## RECORDS FOR PROCESSING

----

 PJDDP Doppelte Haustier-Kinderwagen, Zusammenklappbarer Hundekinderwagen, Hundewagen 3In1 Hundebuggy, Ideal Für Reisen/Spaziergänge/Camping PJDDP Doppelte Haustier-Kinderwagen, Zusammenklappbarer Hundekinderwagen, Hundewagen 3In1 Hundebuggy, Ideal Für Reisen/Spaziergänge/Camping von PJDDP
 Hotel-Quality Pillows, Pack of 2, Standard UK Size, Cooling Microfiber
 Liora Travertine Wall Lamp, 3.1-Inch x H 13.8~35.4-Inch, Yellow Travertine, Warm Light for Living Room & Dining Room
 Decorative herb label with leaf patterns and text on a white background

----

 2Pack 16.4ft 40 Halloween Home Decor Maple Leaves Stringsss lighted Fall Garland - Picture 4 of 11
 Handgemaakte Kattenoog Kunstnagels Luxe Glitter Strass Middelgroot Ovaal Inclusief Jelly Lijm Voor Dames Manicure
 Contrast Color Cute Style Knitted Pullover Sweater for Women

----

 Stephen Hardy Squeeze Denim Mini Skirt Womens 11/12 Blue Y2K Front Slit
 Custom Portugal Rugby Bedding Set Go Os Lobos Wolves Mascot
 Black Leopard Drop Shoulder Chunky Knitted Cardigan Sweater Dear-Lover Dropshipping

----

## PROBLEM DESCRIPTION
Begin at the line that has "Stephen Hardy Squeeze" in the entries above; stop after the line that has "Black Leopard Drop". Transcribe exactly those lines and no others.

## ANSWER TO THIS EXERCISE
 Stephen Hardy Squeeze Denim Mini Skirt Womens 11/12 Blue Y2K Front Slit
 Custom Portugal Rugby Bedding Set Go Os Lobos Wolves Mascot
 Black Leopard Drop Shoulder Chunky Knitted Cardigan Sweater Dear-Lover Dropshipping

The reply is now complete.